ComputerWire: IT Industry Intelligence

While analysts disagree on the cause of Brocade's shock warning of a coming sharp fall in revenue, the SAN switch making giant has indicated strongly that casualty list from the 12% layoffs it announced last week includes more than three vice presidents, as well as its COO and president.

During its earning call on Thursday, the SAN switch maker said the layoffs were necessary only because the growth that the company anticipated early this year had not happened, and it said that president and COO Mike Byrd was leaving the company "to spend more time with his family." Byrd will leave Brocade at the end of January, and continue to advise the company for another three months after that.

Alongside Byrd, the company is losing its CTO and VP of engineering Morris Taradalsky, its marketing vice president Jeff Brooks, and its general manager and vice president of global services Rich Geruson. The senior executive bloodletting does not stop there, apparently. A spokeswoman for the company declined to answer when asked whether any other Brocade vice presidents have been axed - a sure sign that they have.

On Thursday Brocade announced in an earnings call that revenue during its current fiscal quarter will fall by up to 22% sequentially, a strong contrast with revenue guidance across the rest of the storage networking industry which is generally indicating flat or single digit sequential revenue growth. As a result, Brocade's share price fell 26% during trading on Monday.

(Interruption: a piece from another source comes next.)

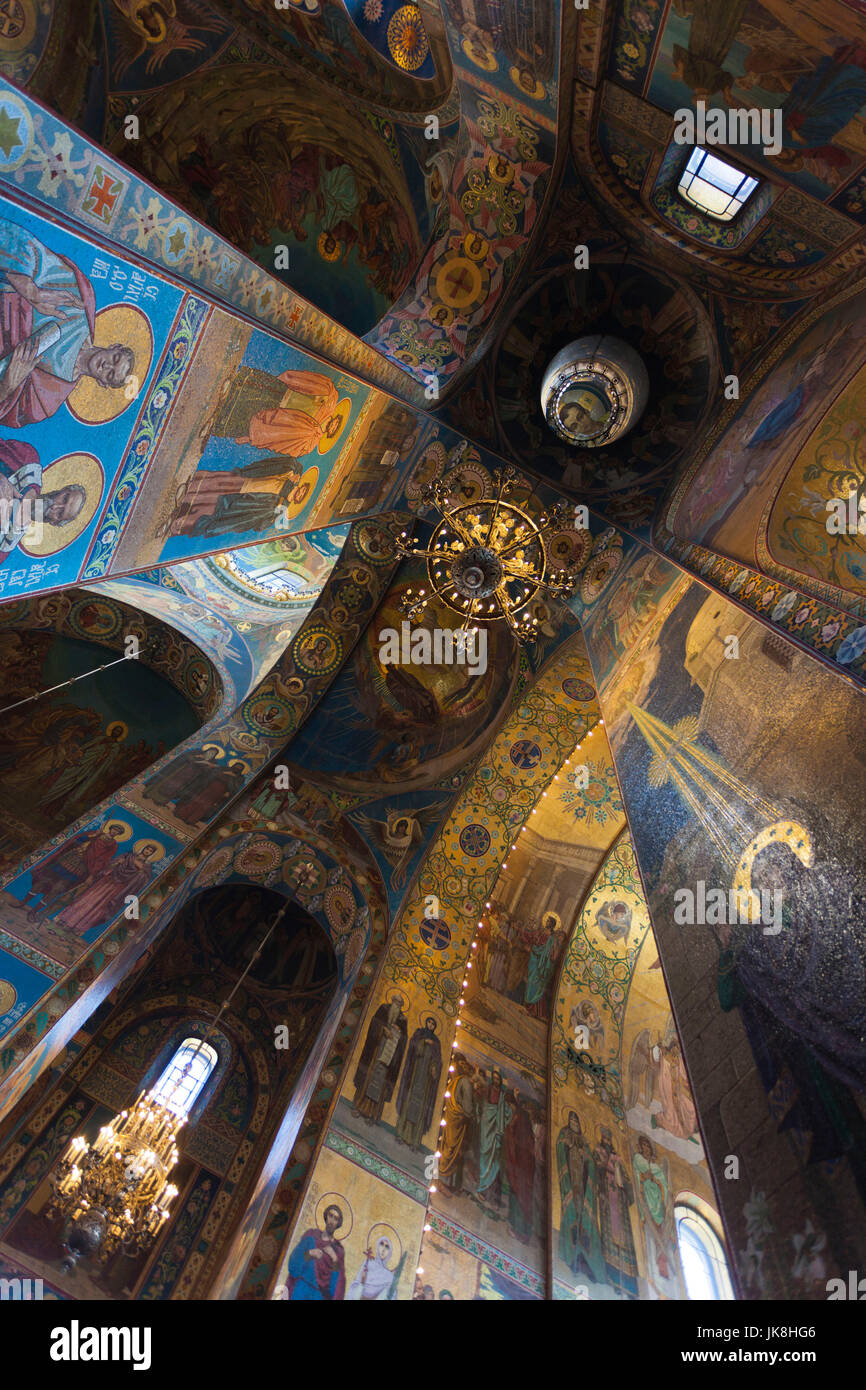 La Russie, Saint-Pétersbourg, Centre, Eglise du Sauveur du sang versé, de l'intérieur des mosaïques de verre Banque D'Images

Brocade said that its revenue will return to growth in its second fiscal quarter. Analysts disagreed on the reasons for the temporary slump. Sabrina Ricci, analyst at Deutsche Bank, said it was clearly the result of channel stuffing - Brocade selling the channel more hardware than the channel is itself able to sell on to end-customers. How else could Brocade predict that its revenue growth would return after a quarter, she asked. "Demand is a not a one quarter phenomenon," she said.

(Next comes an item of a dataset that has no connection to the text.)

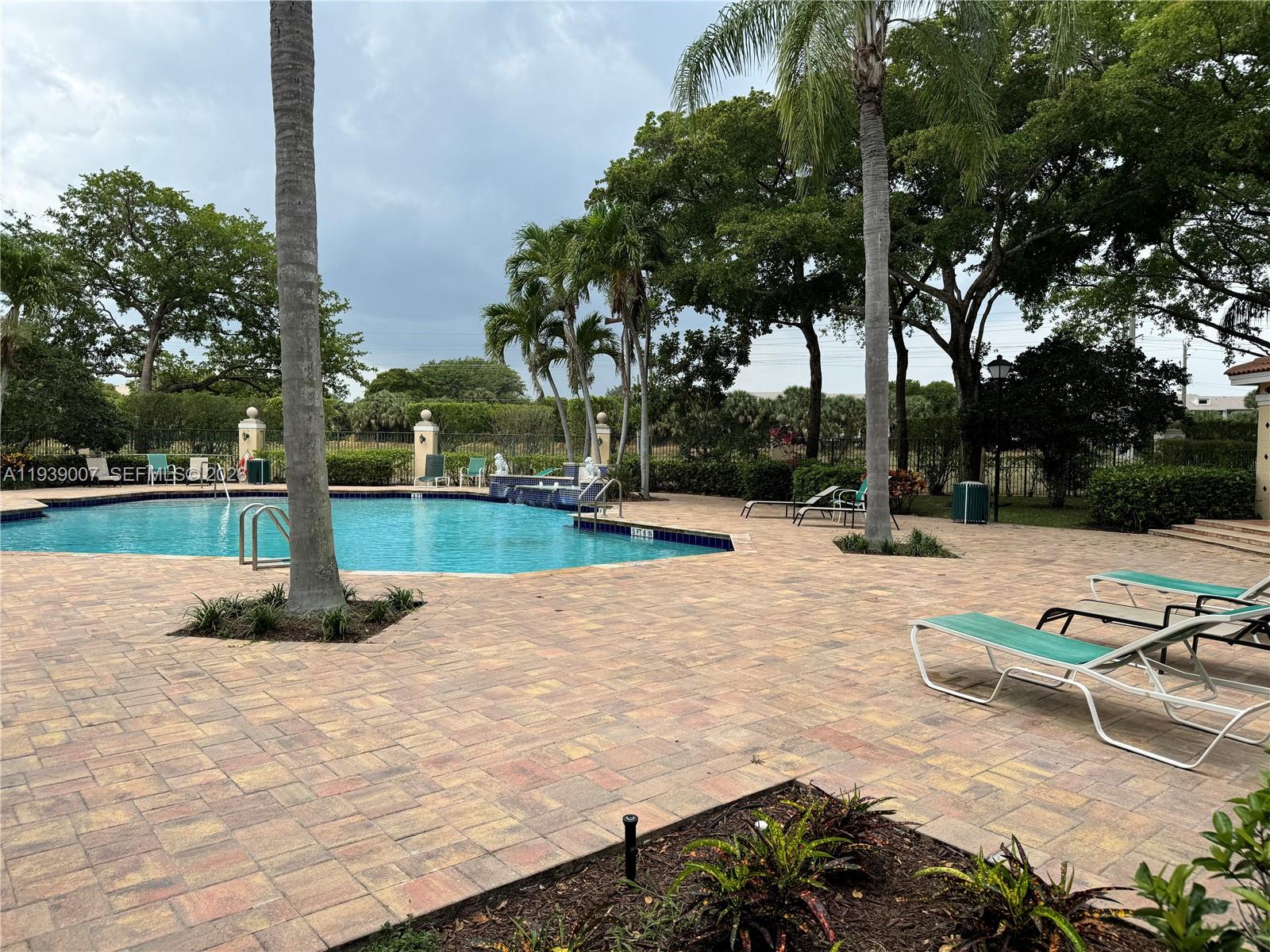 MILANO CONDO - Residential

For the Evaluator Group, Randy Kerns said he certainly does not believe that Brocade has been stuffing its channel. According to Kerns, Brocade is likely to have been forced to lower the price of its hardware because of the launch of new mid-range hardware by its rival McData Corp. When it launched its 8-port to 24-port Sphereon 4500 SAN switch in October, McData claimed it carried a per-port list price which was 50% lower than that of equivalent Brocade hardware.

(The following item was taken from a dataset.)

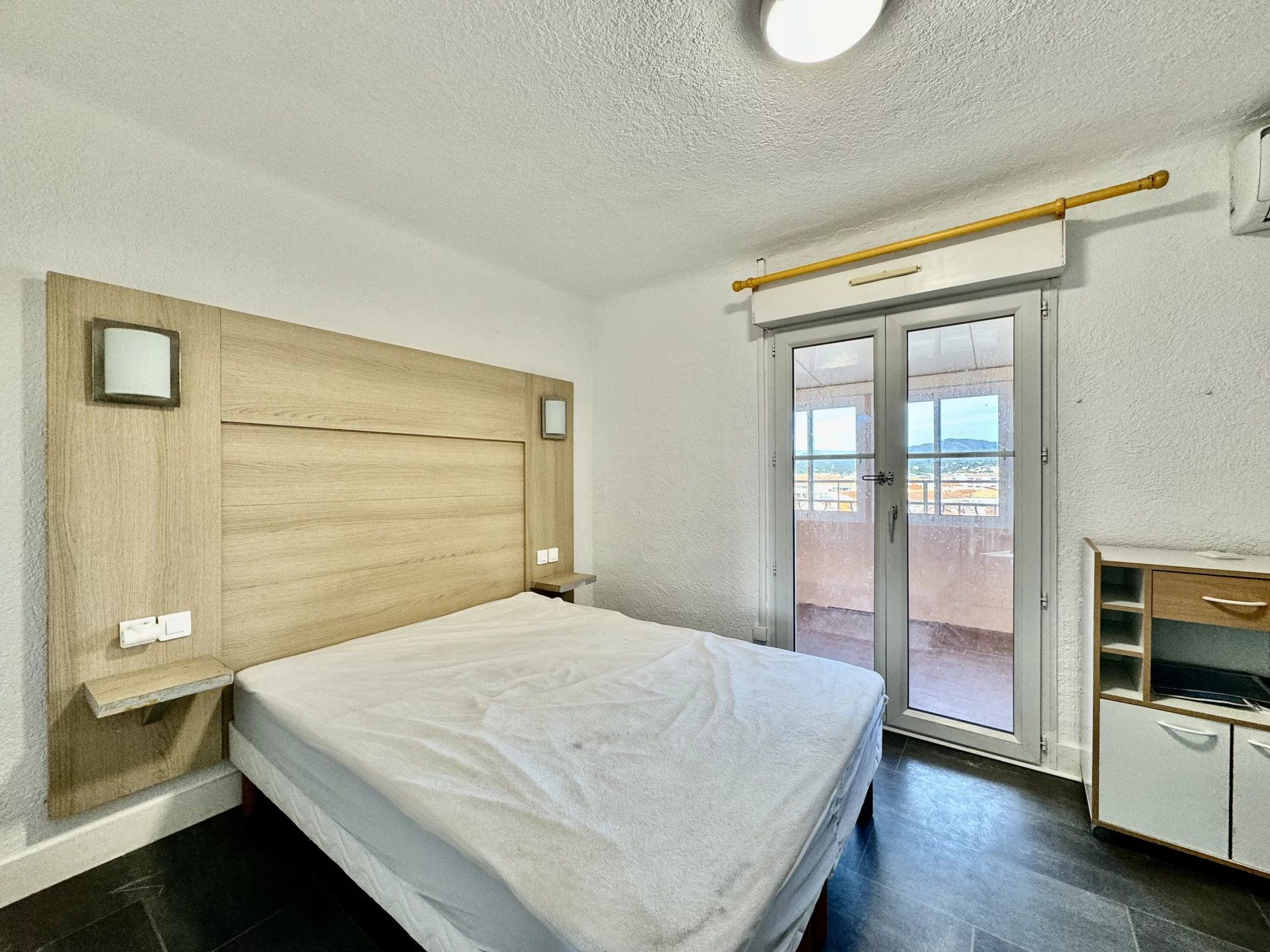 local comercial en venta en ST RAPHAEL (83700)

The channel-stuffing theory was also rejected by Tom Lahive at the Enterprise Storage Group, based on what he said was ESG's contacts with OEMs, customers, and resellers. Brocade is being overly-conservative - or pessimistic - about its sequential revenue downturn. "I'd be surprised if turns out to be in double digits," he said. Lahive was however unable to explain why Brocade should suffer a downturn when the rest of its sector is enjoying growth, despite saying that Brocade's bias towards mid-range products should enable it to endure market downturns better than suppliers such as McData, which is more focused on high-end sales. The ESG also believes that other than the loss of Brocade's COO, the cull of executives at the company was to make room for "the new team in Rhapsody, which has a strong industry reputation." Lahive added that possibly Brocade is anticipating that the hand over of reins will lead to a little "internal confusion" during its current quarter, and this is the reason for its predicted downturn.